1980 Week: Hide in Plain Sight

          This quiet film dramatizes a traumatic circumstance drawn from real life—in the early days of the FBI's Witness Relocation Program, a Buffalo, New York, factory worker suffered unexpected collateral damage when his children disappeared overnight. At the beginning of the story, Frank Hacklin Jr. (James Caan) has a dodgy relationship with his ex-wife, Ruthie (Barbra Rae), who has become romantically involved with a small-time gangster named Jack Scolese (Robert Viharo). Frank tolerates the situation because Ruhie has custody of the two small children she had with Frank, and he deeply loves his kids. Meanwhile, Frank is just beginning a new romance of his own, with a schoolteacher named Alisa (Jill Eikenberry). After Jackie pulls a brazen robbery and gets caught, revealing how little loyalty Jackie’s mob cronies feel for him, slovenly local cop Sam Marzetta (Kenneth McMillan) and uptight federal agent Jason Reid (Josef Sommer) offer a new identity in exchange for testimony. Jackie takes the government’s deal, marries Ruthie, and decamps to parts unknown with the Hacklin kids.
          Unfortunately, nobody tells Frank what’s happening, so for a time he doesn’t even know whether his children are alive or dead. Over the course of the movie, Frank battles his way through government red tape with the sincere but useless assistance of attorney Sal Carvello (Danny Aiello) and with unwavering support from Alisa, whom Frank marries.
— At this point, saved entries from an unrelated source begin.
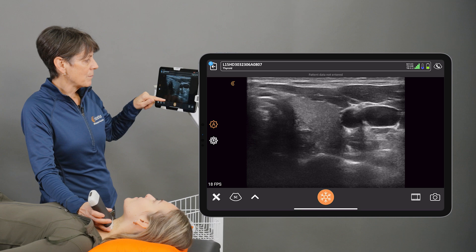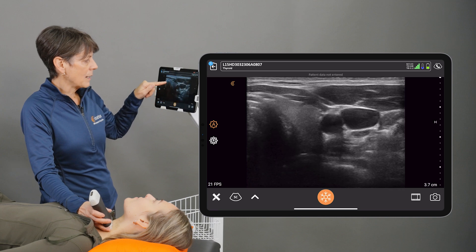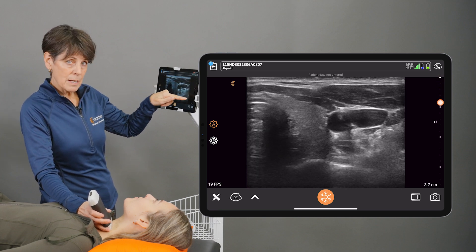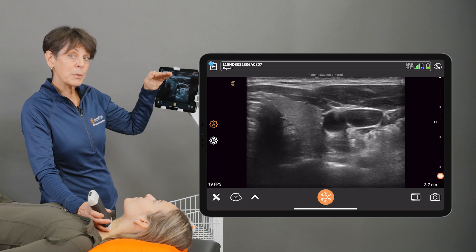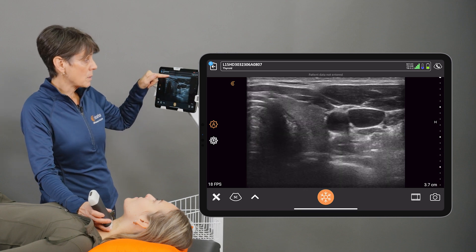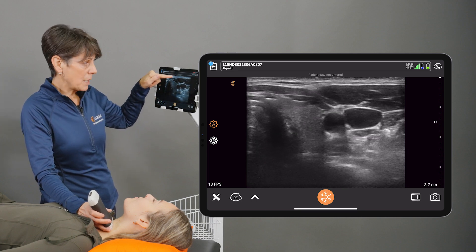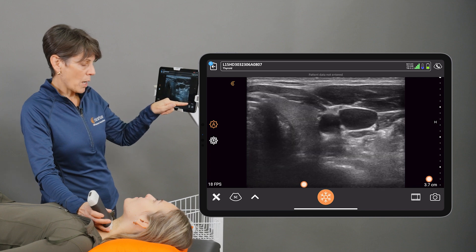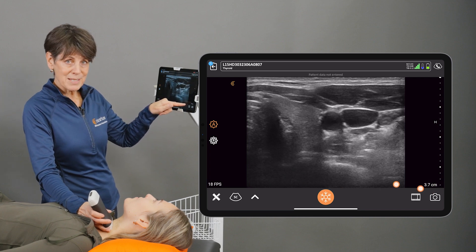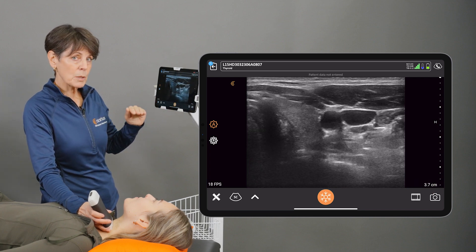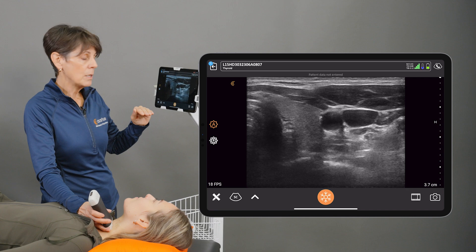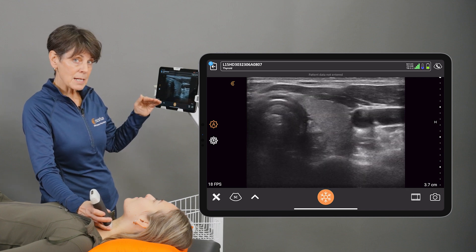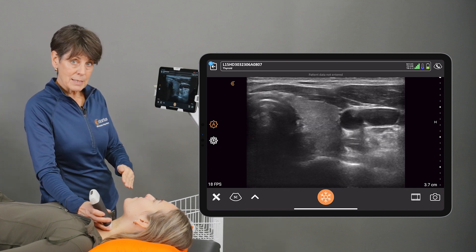We'll see markers down the side of the image that indicate the depth into the tissue. The top of the image is zero centimeters and the very bottom of our image is 3.7 centimeters. Keep that in mind when you're trying to establish what you're seeing directly beneath the scanner.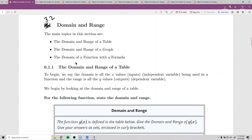This video will be going over section 3.2, which is on domain and range. For the main topics, we'll look at tables and graphs of functions and talk about their domain and range. And then the main thing we'll be dealing with is the domain of a function with a formula.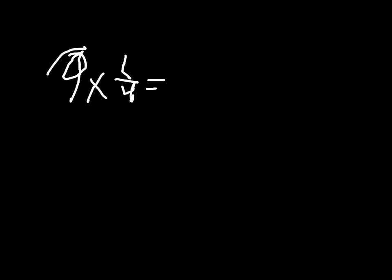We have, again, just put the apostrophes. And we go 9 times 1 equals 9. And then, fraction bar 4. The denominator does not change.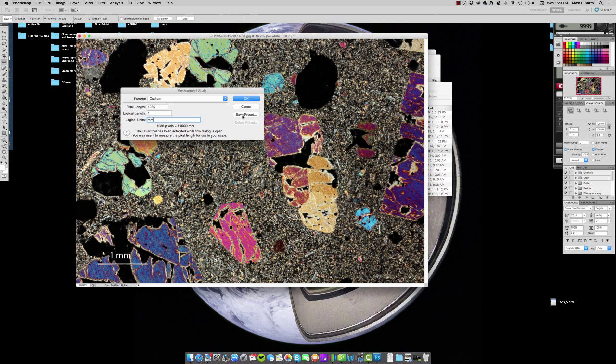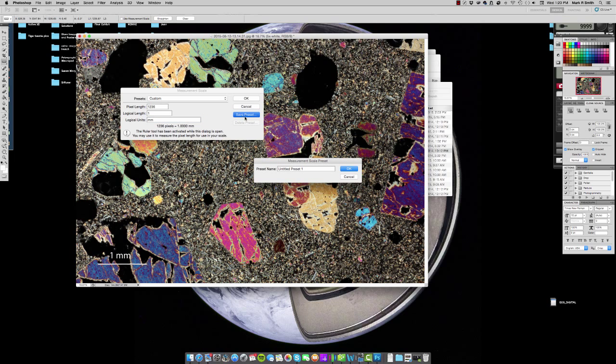Because this is the 5DSR, I'll just call it the MPE 65 millimeter with the 5DSR camera sensor. And then I'll go ahead and I'll save this.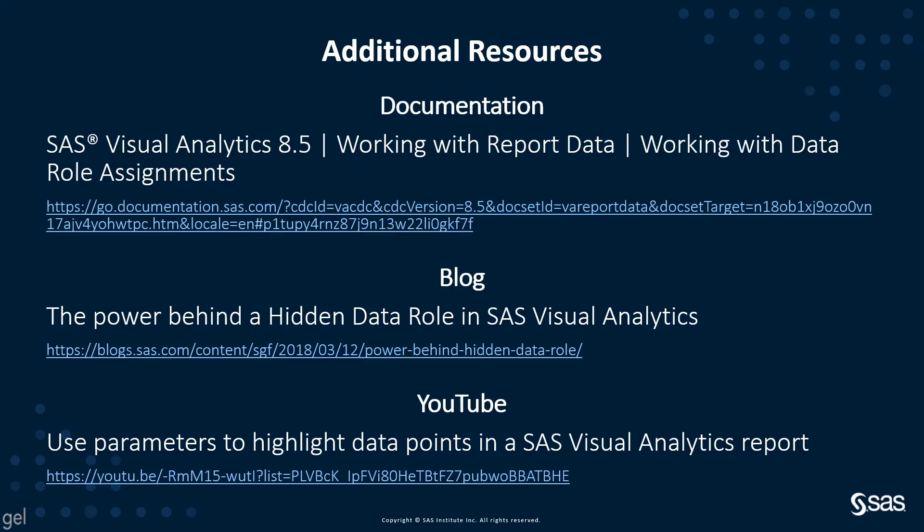For more information, please refer to the SAS Visual Analytics documentation or check out one of my other videos or blogs. Thank you, and check back with the Technical Insights and Expertise series for additional tips.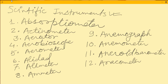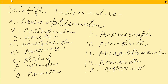Our twelfth instrument is the arachometer, used for measuring specific gravity. Our thirteenth instrument is the arthroscope. Our fourteenth instrument is the astrolabe.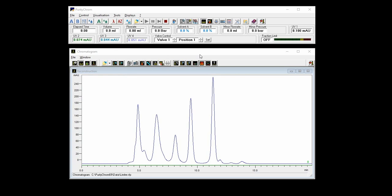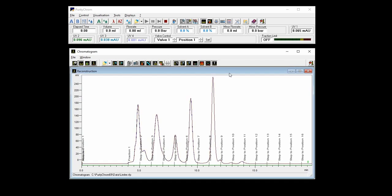The first possibility for fraction collection is using the fraction limiter. It is often used in standard FPSC runs and it means that upon setting the fraction collector into the fractionation mode, it will collect the same size fractions over the whole run.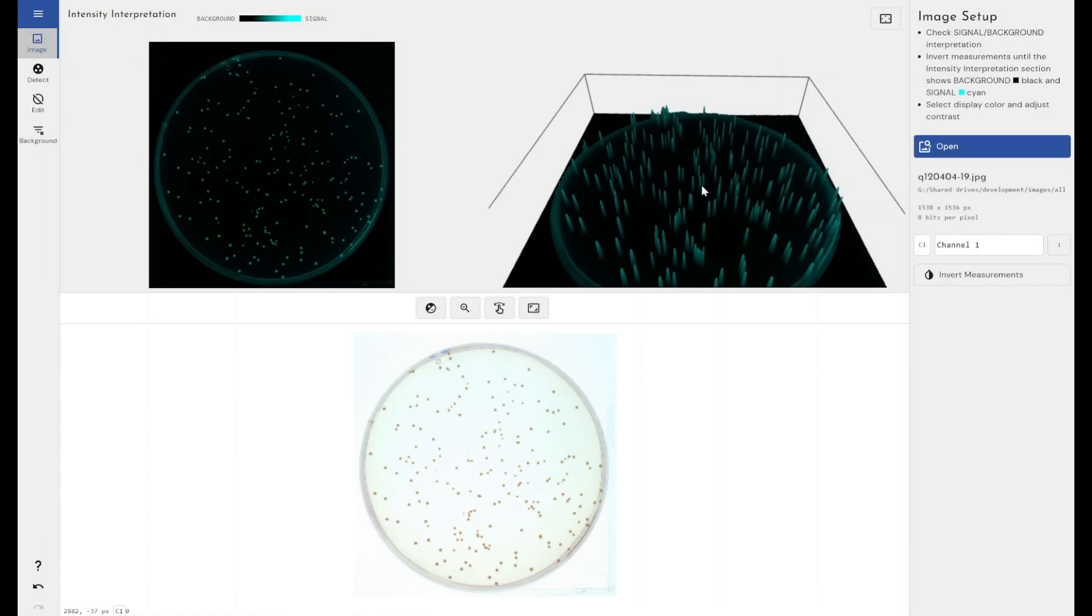This is the image view. What we have at the top left here is a representation of how the software is seeing the image. What we want to see is our signal, the things that we're interested in measuring in this lovely teal color here with our background being represented as black.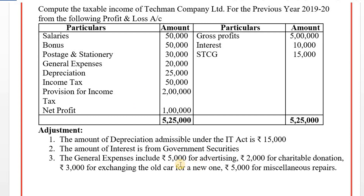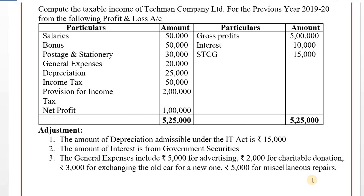Advertising of 5,000 is an allowed expenditure, ignore. 2,000 for charitable donations — donations fall under section 80G deduction, not a direct business expense, so add back. 3,000 for exchange of old car for new one — this is capital expenditure, and any capital expenditure is disallowed except in certain situations, so add back. 5,000 for miscellaneous repairs — repairs is an allowed expense, ignore.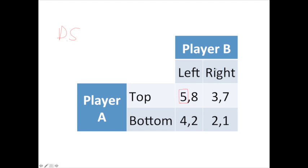Now let's say player B is going to play right. Mentally cover the left column and focus on the right outcomes. If I'm player A, I have a choice of three or two — I prefer three. So player A has a dominant strategy of always playing top. It doesn't matter what player B does; player A is always going to play top.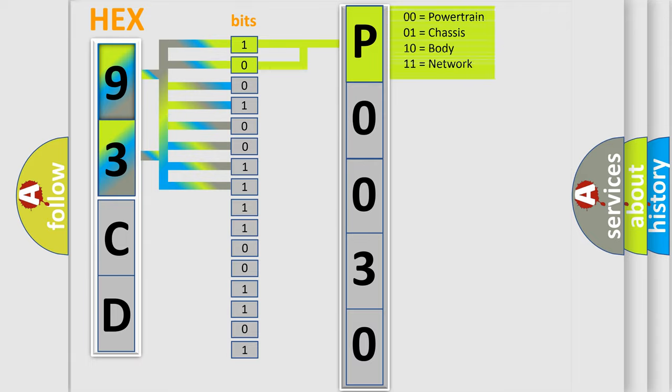The ECM detects an open in the heater circuits of the HO2S when the heater is commanded off. The condition exists for greater than 4 seconds or a cumulative of 30 seconds.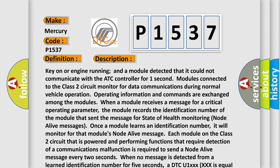Operating information and commands are exchanged among the modules. When a module receives a message for a critical operating parameter, the module records the identification number of the module that sent the message for state of health monitoring node alive messages.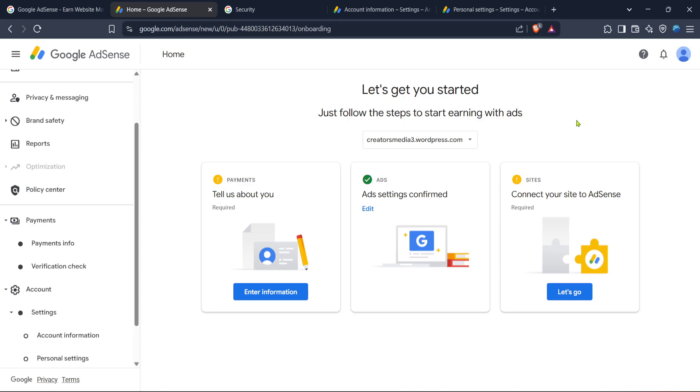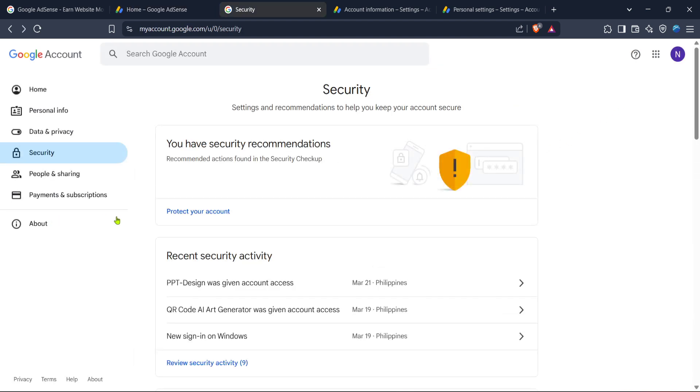Once you're back on the main AdSense page, direct your attention to the my account section. This is the area where you'll manage your personal information related to the account. You should see a tab or button labeled security. Click on it to enter the security settings.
The ordeal stretches on for years, culminating with chases across various state lines once Frank becomes desperate.
          Simply because it explores topical subject matter in a soft-spoken style that blends intimacy with righteous indignation, Hide in Plain Sight could easily have been a TV movie. Instead, it not only stars big-screen tough guy Caan but also represents the actor's first and only directorial effort. Caan’s work behind the camera is solid if not necessarily revelatory; one can imagine any number of capable filmmakers taking the material to at least this level of intensity, if not beyond. Therefore, what makes the synthesis of Caan's acting and directing interesting is the degree of restraint that he displays throughout Hide in Plain Sight. For an actor whose style is defined by macho volatility, it's noteworthy that he elected to underplay the bulk of his performance, and that he guided fellow actors toward similar quietude.
          That single directorial choice is what saves Hide in Plain Sight from being a issue-of-the week melodrama, since Caan creates an environment that feels like it’s populated by real people doing real things, with real emotional consequences. Could another filmmaker have hit harder? Sure. But could another filmmaker just as easily have made the narrative feel saccharine and trite? Absolutely. So perhaps Caan was exactly the right guy to make this movie. In any event, the reward for throwing his weight behind a meaningful true story is that Hide in Plain Sight is one of Caan’s most admirable films, a small gem nestled inside his impressive filmography.